About 8,000 residents, who make up a quarter of the ward, are older than 60, and she had pledged to look at improving “last mile” facilities for them. This, for instance, means barrier-free access for seniors to reach a taxi in the carpark, or for an ambulance to get to patients.
Speaking to ST, she said: “I’m very grateful for the mandate and thankful for the support given by my residents and activists, who were very encouraging during the campaign period.
“I know that many voters and residents are concerned regarding public health and the economic repercussions. There were a lot of concerns raised and in the nine days of campaigning, we weren’t able to listen to them in detail, so over the next few months, we’ll make ourselves accessible.”
Asked about the 3 percentage point drop from the 2015 results, she said: “I think there was a general mood swing among voters. There are some concerns about the pandemic and voters are generally worried and affected by the safe distancing measures. There is some uneasiness, anxiety and stress that manifested in the vote outcome.”
The PAP’s Ms Sun Xueling, 41, Senior Parliamentary Secretary for Home Affairs and National Development, won 60.97 per cent of the votes in newly created Punggol West, beating her opponent, Workers’ Party candidate Tan Chen Chen, who received 39.03 per cent.

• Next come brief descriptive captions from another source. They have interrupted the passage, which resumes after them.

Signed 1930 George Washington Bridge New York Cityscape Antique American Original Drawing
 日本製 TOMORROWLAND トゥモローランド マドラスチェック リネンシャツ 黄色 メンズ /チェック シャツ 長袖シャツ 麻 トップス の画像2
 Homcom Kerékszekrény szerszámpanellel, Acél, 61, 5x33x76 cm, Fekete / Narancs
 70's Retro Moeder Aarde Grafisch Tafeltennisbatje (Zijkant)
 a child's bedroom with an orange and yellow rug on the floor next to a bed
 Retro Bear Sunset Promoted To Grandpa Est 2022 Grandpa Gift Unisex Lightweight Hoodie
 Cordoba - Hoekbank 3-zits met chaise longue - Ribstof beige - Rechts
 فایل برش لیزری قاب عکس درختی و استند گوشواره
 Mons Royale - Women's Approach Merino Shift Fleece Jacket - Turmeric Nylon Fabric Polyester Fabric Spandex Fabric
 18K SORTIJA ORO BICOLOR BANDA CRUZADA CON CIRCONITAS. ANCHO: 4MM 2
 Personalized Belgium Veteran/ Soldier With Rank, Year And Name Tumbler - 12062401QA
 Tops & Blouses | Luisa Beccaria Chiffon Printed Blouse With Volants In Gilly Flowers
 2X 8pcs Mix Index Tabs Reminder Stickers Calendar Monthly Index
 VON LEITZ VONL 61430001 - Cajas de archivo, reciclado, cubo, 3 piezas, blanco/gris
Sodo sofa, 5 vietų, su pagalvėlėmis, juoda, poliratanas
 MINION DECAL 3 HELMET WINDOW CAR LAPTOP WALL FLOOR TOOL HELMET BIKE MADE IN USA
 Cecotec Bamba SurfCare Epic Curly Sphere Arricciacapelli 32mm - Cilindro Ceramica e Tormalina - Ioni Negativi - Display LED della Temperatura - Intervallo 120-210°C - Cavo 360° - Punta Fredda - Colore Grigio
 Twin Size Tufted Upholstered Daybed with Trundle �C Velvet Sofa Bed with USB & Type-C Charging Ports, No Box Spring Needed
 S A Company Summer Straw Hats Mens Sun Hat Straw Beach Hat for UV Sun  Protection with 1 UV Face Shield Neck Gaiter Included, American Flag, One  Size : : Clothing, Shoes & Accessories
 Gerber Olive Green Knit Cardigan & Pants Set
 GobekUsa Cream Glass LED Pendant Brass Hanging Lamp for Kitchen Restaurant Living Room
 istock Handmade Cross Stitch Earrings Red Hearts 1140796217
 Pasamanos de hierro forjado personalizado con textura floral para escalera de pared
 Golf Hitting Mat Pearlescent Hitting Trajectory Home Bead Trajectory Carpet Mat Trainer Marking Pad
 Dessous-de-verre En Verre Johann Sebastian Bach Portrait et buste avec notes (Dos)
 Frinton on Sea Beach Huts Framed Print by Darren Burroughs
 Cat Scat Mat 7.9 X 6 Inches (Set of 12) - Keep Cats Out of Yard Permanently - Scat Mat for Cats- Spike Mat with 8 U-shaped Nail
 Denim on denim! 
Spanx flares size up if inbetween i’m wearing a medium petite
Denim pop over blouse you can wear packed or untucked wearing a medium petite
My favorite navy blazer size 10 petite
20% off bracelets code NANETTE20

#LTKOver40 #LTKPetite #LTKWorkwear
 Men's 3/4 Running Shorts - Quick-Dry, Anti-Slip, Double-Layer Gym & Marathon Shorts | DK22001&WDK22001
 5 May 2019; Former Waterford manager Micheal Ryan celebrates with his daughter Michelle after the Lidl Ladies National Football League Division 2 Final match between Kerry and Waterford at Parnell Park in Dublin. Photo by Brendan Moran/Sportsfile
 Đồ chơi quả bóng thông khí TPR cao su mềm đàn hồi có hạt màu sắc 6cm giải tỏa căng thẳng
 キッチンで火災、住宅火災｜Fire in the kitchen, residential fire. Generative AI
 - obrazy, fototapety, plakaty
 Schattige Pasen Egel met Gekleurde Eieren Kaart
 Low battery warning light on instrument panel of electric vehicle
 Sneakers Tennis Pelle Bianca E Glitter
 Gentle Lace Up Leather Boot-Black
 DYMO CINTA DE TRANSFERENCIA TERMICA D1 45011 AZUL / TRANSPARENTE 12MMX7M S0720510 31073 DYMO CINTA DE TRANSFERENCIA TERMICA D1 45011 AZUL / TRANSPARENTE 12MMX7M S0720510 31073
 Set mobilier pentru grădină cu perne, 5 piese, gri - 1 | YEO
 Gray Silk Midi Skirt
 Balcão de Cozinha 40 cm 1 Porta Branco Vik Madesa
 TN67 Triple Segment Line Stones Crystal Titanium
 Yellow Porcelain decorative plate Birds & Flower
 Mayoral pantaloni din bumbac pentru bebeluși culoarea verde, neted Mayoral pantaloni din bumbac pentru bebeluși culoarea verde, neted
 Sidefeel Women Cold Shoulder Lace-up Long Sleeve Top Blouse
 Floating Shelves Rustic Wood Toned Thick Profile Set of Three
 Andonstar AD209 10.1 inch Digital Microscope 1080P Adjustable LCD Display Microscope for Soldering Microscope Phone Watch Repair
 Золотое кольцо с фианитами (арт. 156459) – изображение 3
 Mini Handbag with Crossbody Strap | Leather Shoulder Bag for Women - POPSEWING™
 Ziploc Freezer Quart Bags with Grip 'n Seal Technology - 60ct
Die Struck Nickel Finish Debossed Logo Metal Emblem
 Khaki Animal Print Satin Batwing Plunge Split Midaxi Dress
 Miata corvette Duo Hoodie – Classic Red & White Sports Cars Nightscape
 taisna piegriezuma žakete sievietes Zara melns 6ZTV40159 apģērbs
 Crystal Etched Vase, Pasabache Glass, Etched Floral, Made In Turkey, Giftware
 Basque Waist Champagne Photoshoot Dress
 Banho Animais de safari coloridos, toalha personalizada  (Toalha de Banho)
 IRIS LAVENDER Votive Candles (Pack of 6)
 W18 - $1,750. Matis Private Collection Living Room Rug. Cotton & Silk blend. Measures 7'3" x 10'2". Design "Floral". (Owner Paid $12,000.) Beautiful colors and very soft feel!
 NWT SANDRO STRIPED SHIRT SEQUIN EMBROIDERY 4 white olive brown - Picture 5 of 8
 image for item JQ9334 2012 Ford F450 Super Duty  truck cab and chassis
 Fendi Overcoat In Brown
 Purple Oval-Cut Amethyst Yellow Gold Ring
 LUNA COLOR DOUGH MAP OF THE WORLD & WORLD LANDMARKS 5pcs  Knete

In Hong Kah North, the contest was between Dr Amy Khor, 62, Senior Minister of State for Health and the Environment and Water Resources, and the PSP’s Ms Gigene Wong, 54, chief executive of Gulf Oil China and the chief financial officer of Foshan Electrical and Lighting, which is listed on the Shenzhen Stock Exchange. She returned to Singapore early this year, after 20 years in China.
The first-time candidate was, however, no match for Dr Khor, who won 60.98 per cent of the votes against Ms Wong’s 39.02 per cent. She had been one of the top performers in the 2015 General Election, garnering 74.76 per cent of the votes against Mr Ravi Philemon, who ran on the Singapore People’s Party ticket that year.
Dr Khor’s campaign focused on the projects that she will be rolling out for the constituency in the next five years, including a polyclinic, a hawker centre and a garden for people with dementia.
In Yio Chu Kang, PSP candidate Kayla Low, 43, a chartered accountant and former prisons officer contesting her first election, took 39 per cent of the votes against the PAP’s Mr Yip Hon Weng, 43, who garnered 61 per cent.